The center of mass of a regular tetrahedron is the only center of a regular tetrahedron, i.e. the point splitting any median (line joining a vertex with the centroid of the opposite face) into two segments with lengths proportional to $\frac{1}{4},\frac{3}{4}$. By Cavalieri's principle it follows that the center of mass of half a octahedron lies at one fourth of the height relative to the square base. No integrals are really needed.

First let's calculate the height $$h$$ of the pyramid. The height of the equilateral triangle of side $$a$$ is $$\frac{a\sqrt{3}}{2}$$ so by the Pythagorean theorem we get:

$$h = \sqrt{\left(\frac{a\sqrt{3}}{2}\right)^2 - \left(\frac{a}{2}\right)^2} = \frac{a}{\sqrt2}$$

Let's place the pyramid in the Cartesian coordinate system such that the center of the square base is at $$(0,0,0)$$ and the vertex is at $$\left(0,0,\frac{a}{\sqrt2}\right)$$. Since the pyramid is symmetrical around the $$z$$-axis, it is clear that the center of mass will be on the $$z$$-axis. We just have to calculate its $$z$$ coordinate. Let $$\overline{z}$$ be the coordinate, $$M$$ the mass of the pyramid and $$\rho$$ its density.
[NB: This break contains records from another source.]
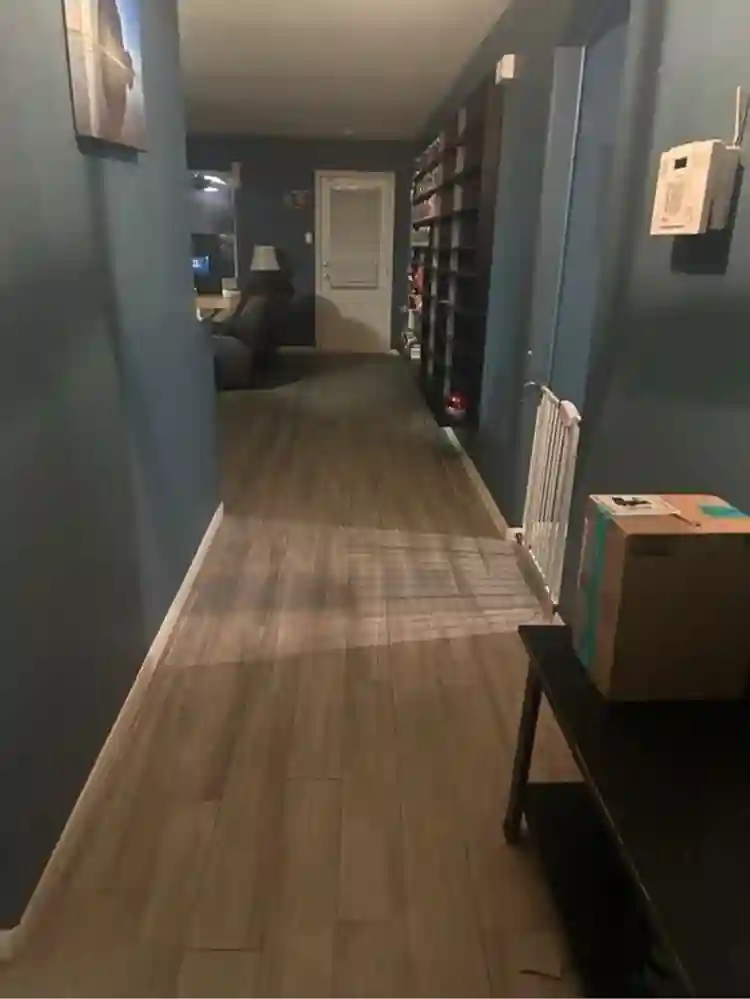 roommates wanted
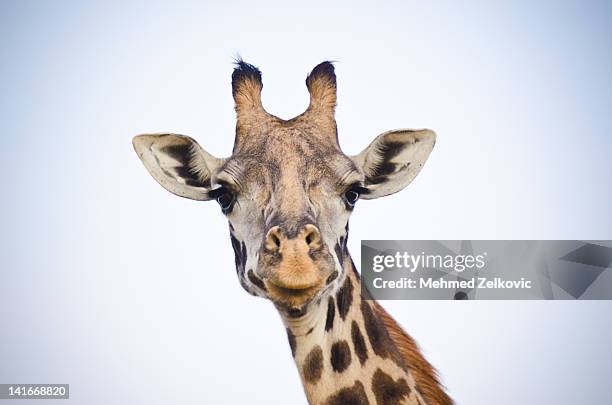 giraffe portrait - giraffe stockfoto's en -beelden
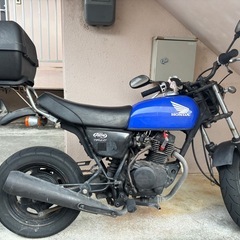 エイプ 50 Fiの画像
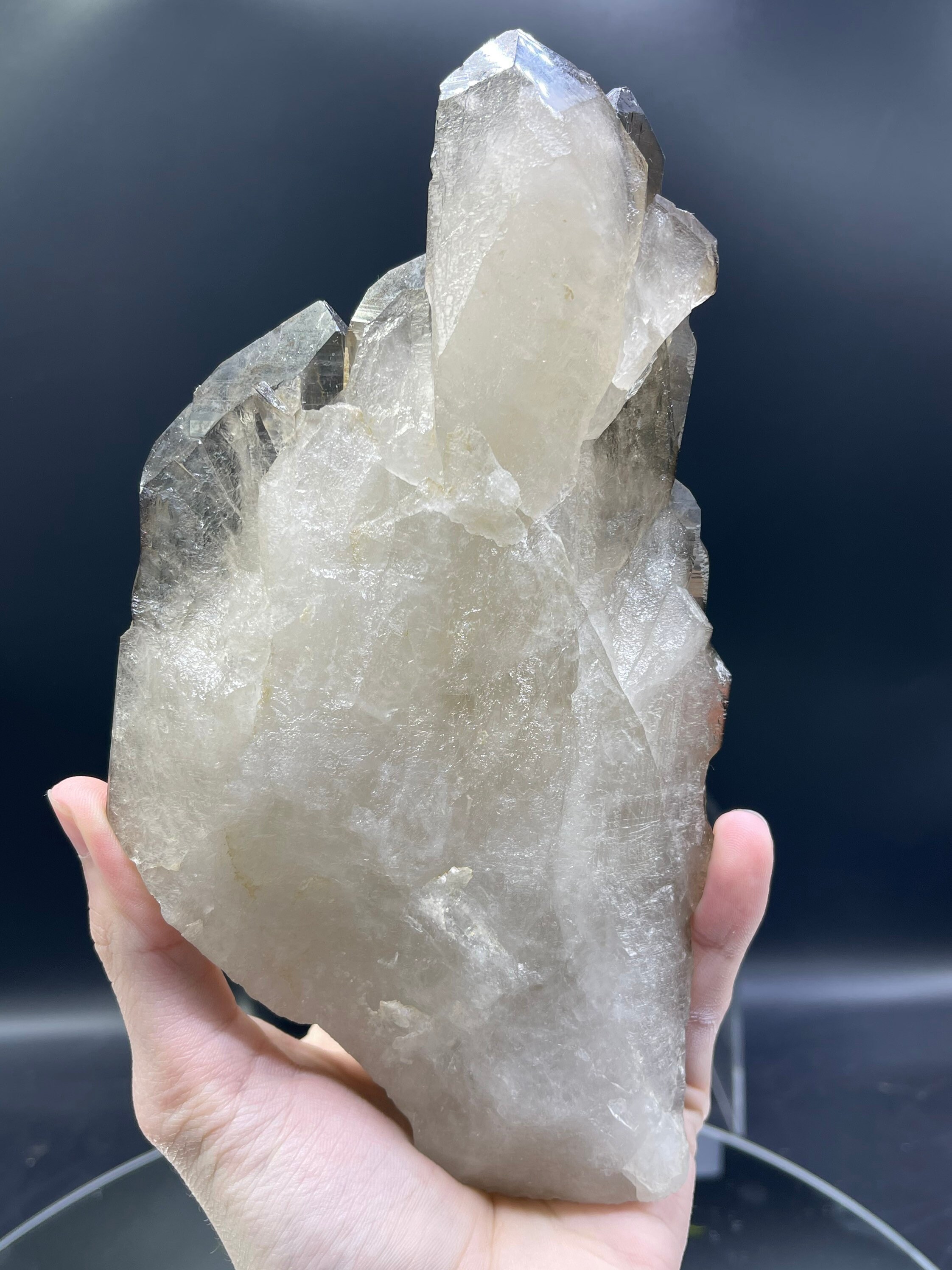 新発見！XL 8インチのカテドラルシトリン。ダメージがなく、完璧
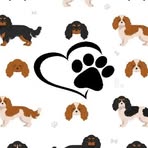 Debbie Asquith - Facebook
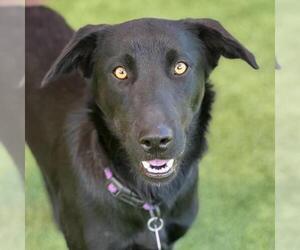 Starla - Female Labrador Retriever-Unknown Mix Dog for Adoption - Photo #2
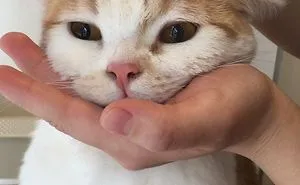 Dddd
We have $$\overline{z} = \frac{1}{M}\iiint_V z\cdot\rho(x,y,z)\,dV = \frac{\rho}{M}\iiint_V z\,dV = \frac1V \iiint_V z\,dv$$

since the density $$\rho$$ is constant.

To integrate over the volume of the pyramid, notice that for $$z \in \left[0,\frac{a}{\sqrt2}\right]$$, we have to integrate over the square $$\left[-\left(\frac{a}2 - \frac{z}{\sqrt2}\right), \left(\frac{a}2 - \frac{z}{\sqrt2}\right)\right]^2$$. You can see this from the similarity of the triangles $$\Delta(0,0,0)\left(\frac{a}{2},0,0\right)\left(0,0,\frac{a}{\sqrt2}\right)$$ and $$\Delta(0,0,z)\left(x,0,z\right)\left(0,0,\frac{a}{\sqrt2}\right)$$ and solving for $$x$$ from here.

\begin{align} \iiint_V z\,dV &= \int_0^{\frac{a}{\sqrt2}} \int_{-\left(\frac{a}2 - \frac{z}{\sqrt2}\right)}^{\left(\frac{a}2 - \frac{z}{\sqrt2}\right)} \int_{-\left(\frac{a}2 - \frac{z}{\sqrt2}\right)}^{\left(\frac{a}2 - \frac{z}{\sqrt2}\right)} z \,dxdydz\\ &= \int_0^{\frac{a}{\sqrt2}} \int_{-\left(\frac{a}2 - \frac{z}{\sqrt2}\right)}^{\left(\frac{a}2 - \frac{z}{\sqrt2}\right)} z(a-z\sqrt2) \,dydz\\ &= \int_0^{\frac{a}{\sqrt2}} z(a-z\sqrt2)^2 \,dz\\ &= \frac{a^4}{24} \end{align}

The volume is:

$$V = \frac{1}{3}Bh = \frac13 a^2 \cdot \frac{a}{\sqrt2} = \frac{a^3}{3\sqrt2}$$

Therefore,

$$\overline{z} = \frac1{V}\iiint_V z\,dV = \frac{a}{4\sqrt2}$$

The center of mass is at $$\left(0,0,\frac{a}{4\sqrt2}\right) = \left(0,0,\frac{h}4\right)$$.